■ Short web captions
************
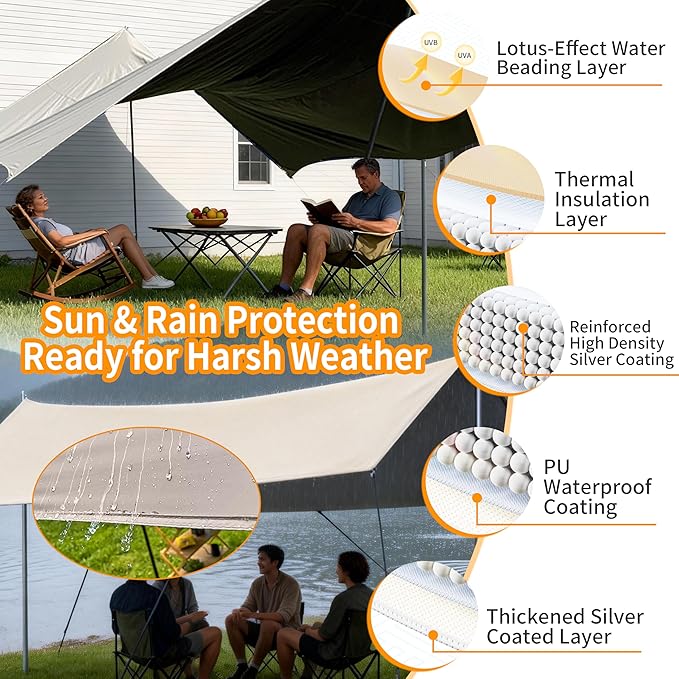 Hexagon Silver Camping Tarp Rain Fly Tarp Camping Canopy Lightweight Ripstop Fabric - UPF50+ Sun Shelter Waterproof &ampWindproof Beach Tent (118x118in Sand Gold Blackout Fabric)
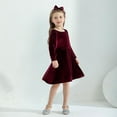 thumbnail image 3 of Toddler Girl Fall Winter Clothes Outfit Baby Girl Velvet Twirl Dress Long Sleeve Swing Party Dress with Pockets for Little Girl 18 Months-5T, 3 of 8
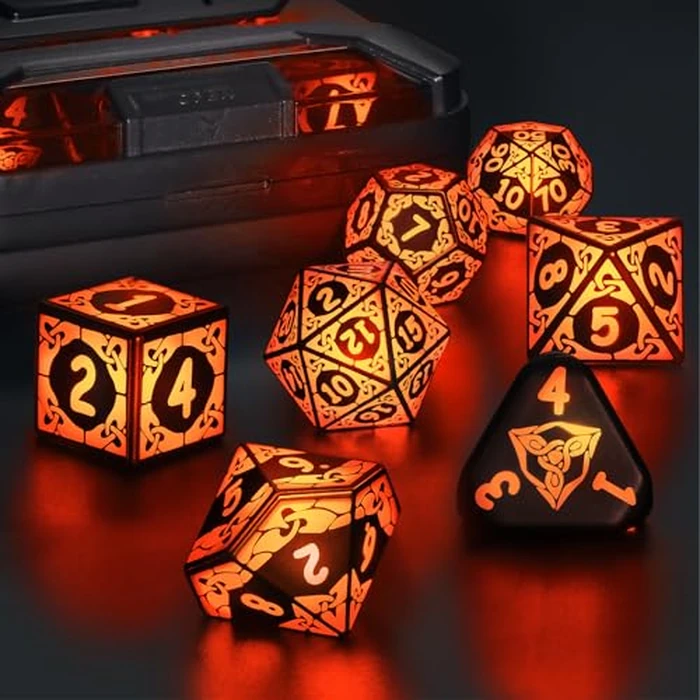LED Dice Set DND, Cool Light up Dice Set Rechargeable for Dungeons and Dragons, ZHOORQI Polyhedral D and D Dice with Charging Box for Role Playing Game Gifts (Orange-Shackles) by ZHOORQI - Used - Like New condition - US$32.42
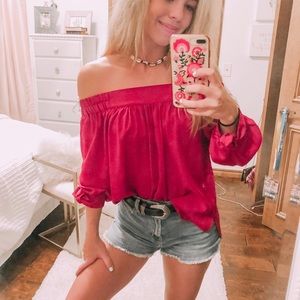 Red off the shoulder blouse !!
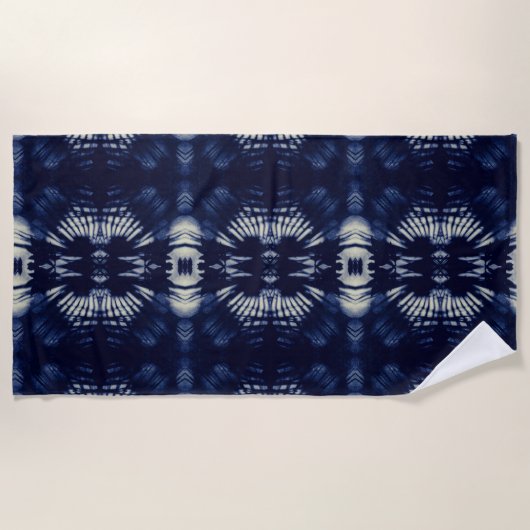 Palm Leaf in Delft Blue Strandlaken (Voorkant)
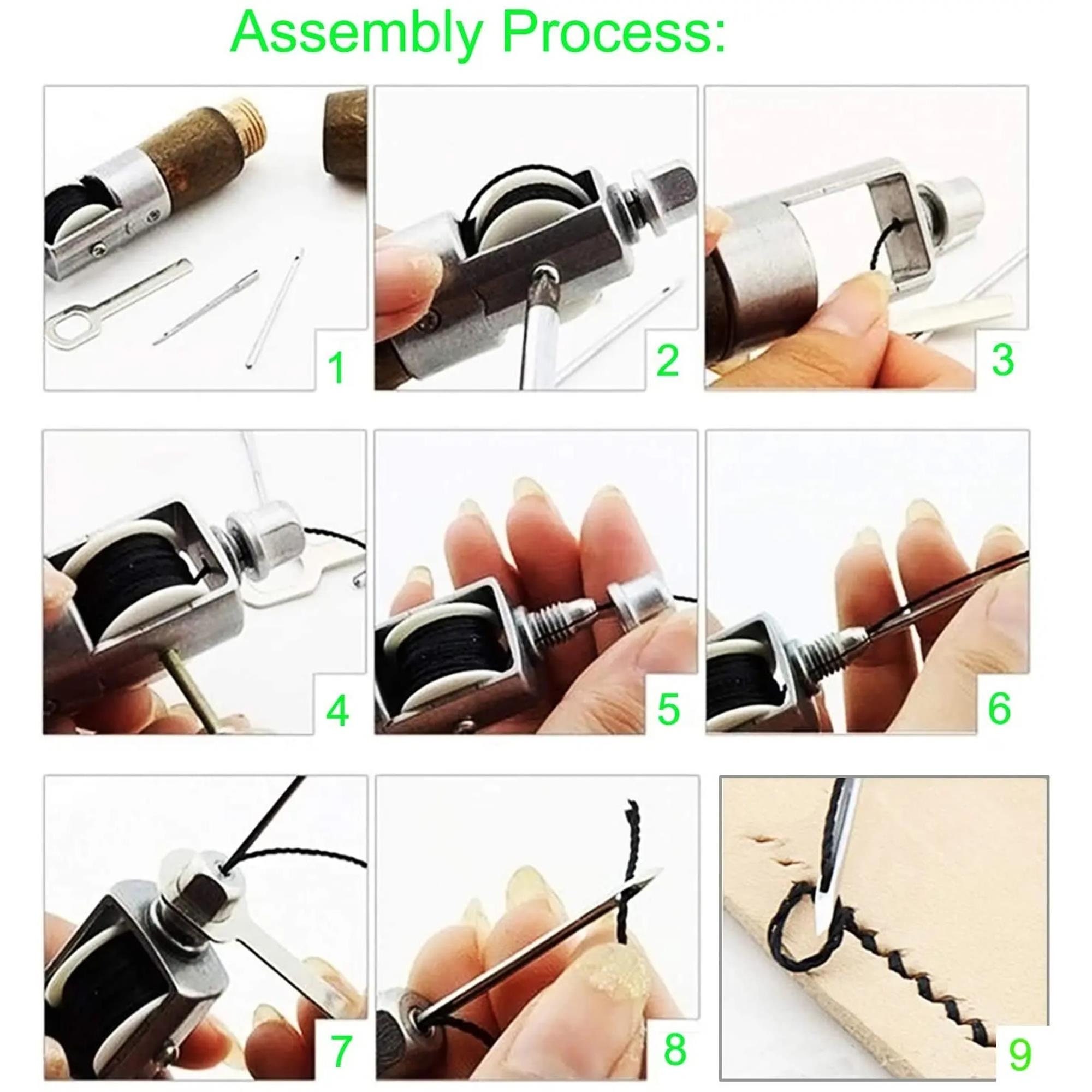 Kit de fil de poinçon à coudre cordonnier bricolage en cuir artisanat  piqueur outils de réparation couture rapide Pas de périphérique Spool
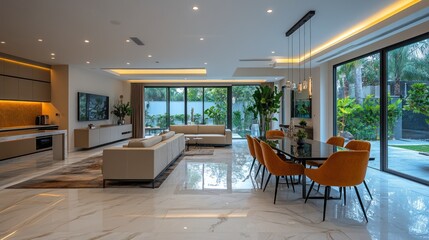 Fototapeta premium Luxurious Modern Villa Interior Design: Open Plan Living and Dining Area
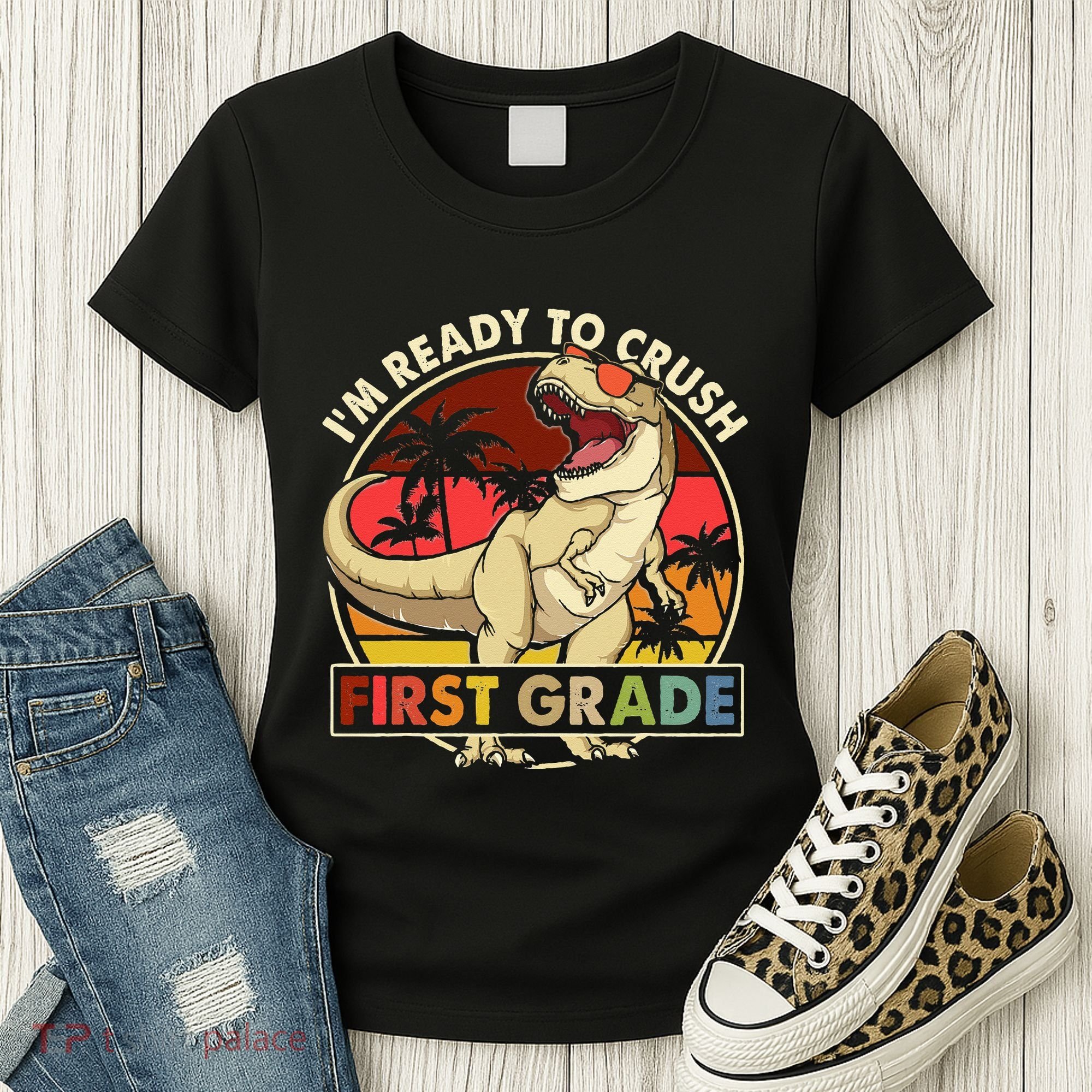 I'm Ready To Crush 1st grade Back To School Dinosaur Women's T-Shirt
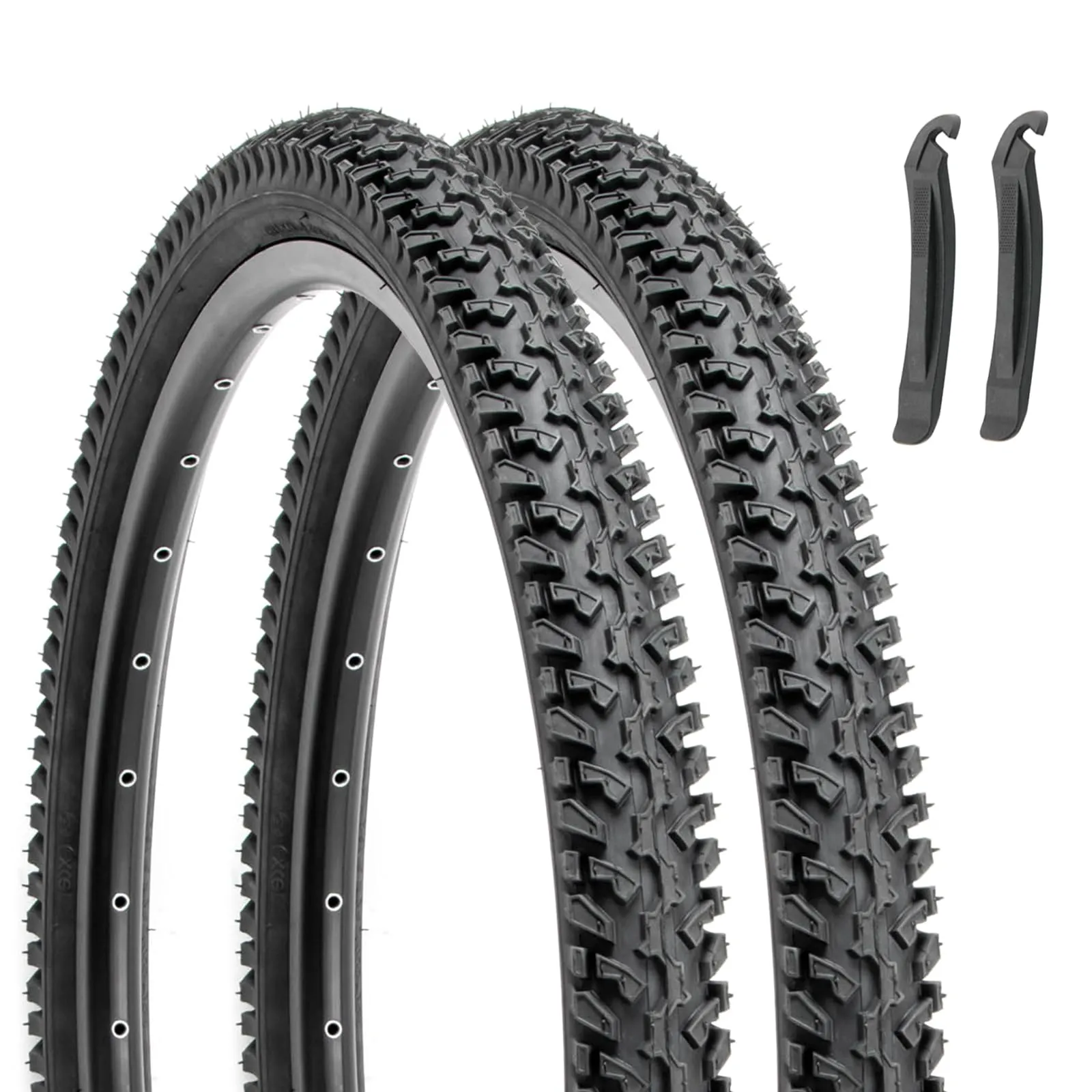 Hycline 26x2.125 Inch Mountain Bike Tires - Premium Butyl Rubber, Puncture-Resistant, 2-Pack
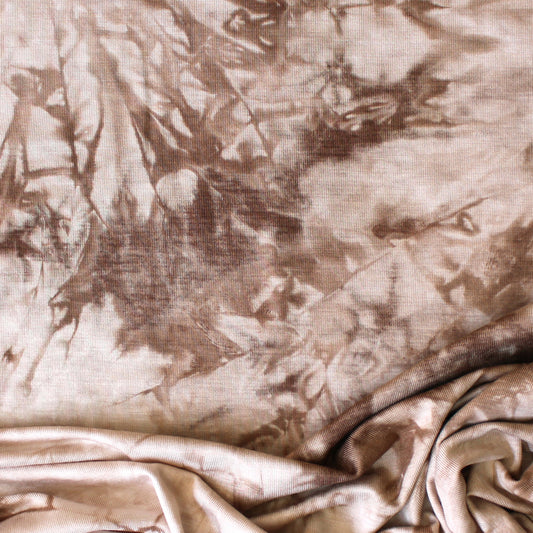 sepia tie dye bamboo/Spandex jersey, Oeko-Tex cert.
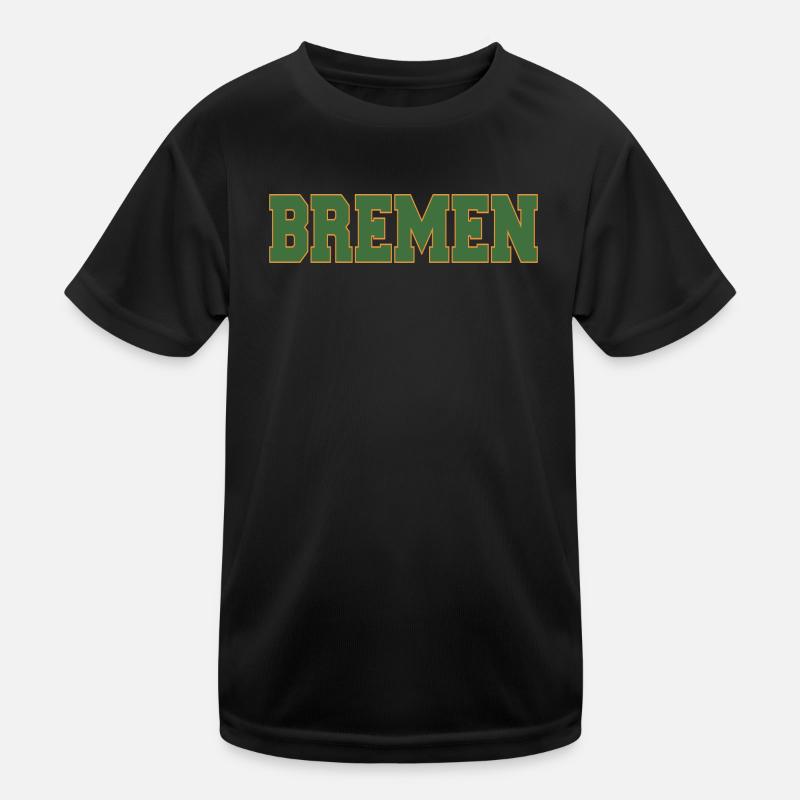 Lettrage en bloc de Brême vert et or T-shirt sport Enfant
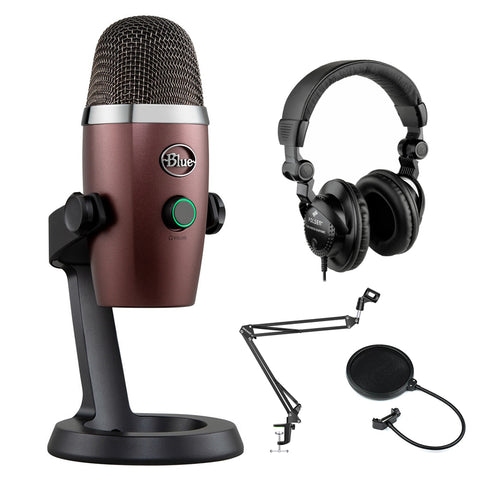 Blue Yeti Nano USB Condenser Microphone (Red Onyx) with Polsen HPC-A30 Monitor Headphones, Mic Suspension Boom & Pop Filter Bundle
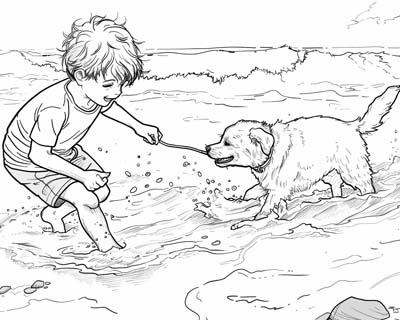 coloring page of a boy playing with his dog at the beach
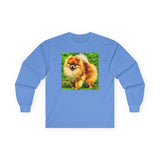 Pomeranian 'Pom Pom' Unisex Cotton Long Sleeve Tee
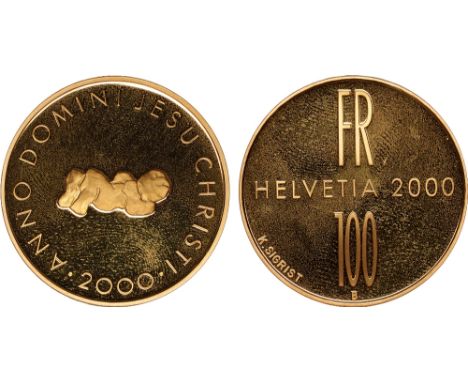World Coins, Switzerland, proof 100 francs, 2000B, 2000 Years of Christianity, country and date divides value, rev. stylised 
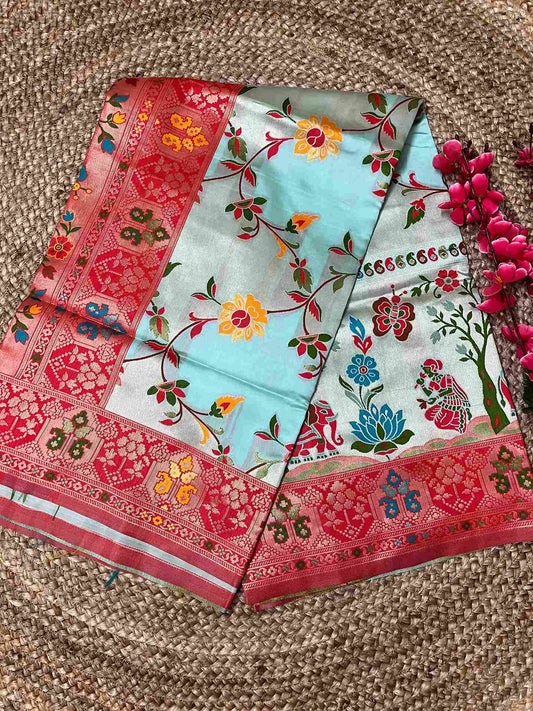 Silk Tissue Jaal Work Saree - Light Blue | Handmade Luxury Ethnic Wear by Desi Aadat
************
■ Instructions to follow
Find the line that contains "Blue Yeti Nano" and repeat it, along with every line after it to the end of the data, exactly; drop the pictures.

■ Written solution
 Blue Yeti Nano USB Condenser Microphone (Red Onyx) with Polsen HPC-A30 Monitor Headphones, Mic Suspension Boom & Pop Filter Bundle
 coloring page of a boy playing with his dog at the beach
 Pomeranian 'Pom Pom' Unisex Cotton Long Sleeve Tee
World Coins, Switzerland, proof 100 francs, 2000B, 2000 Years of Christianity, country and date divides value, rev. stylised 
 Silk Tissue Jaal Work Saree - Light Blue | Handmade Luxury Ethnic Wear by Desi Aadat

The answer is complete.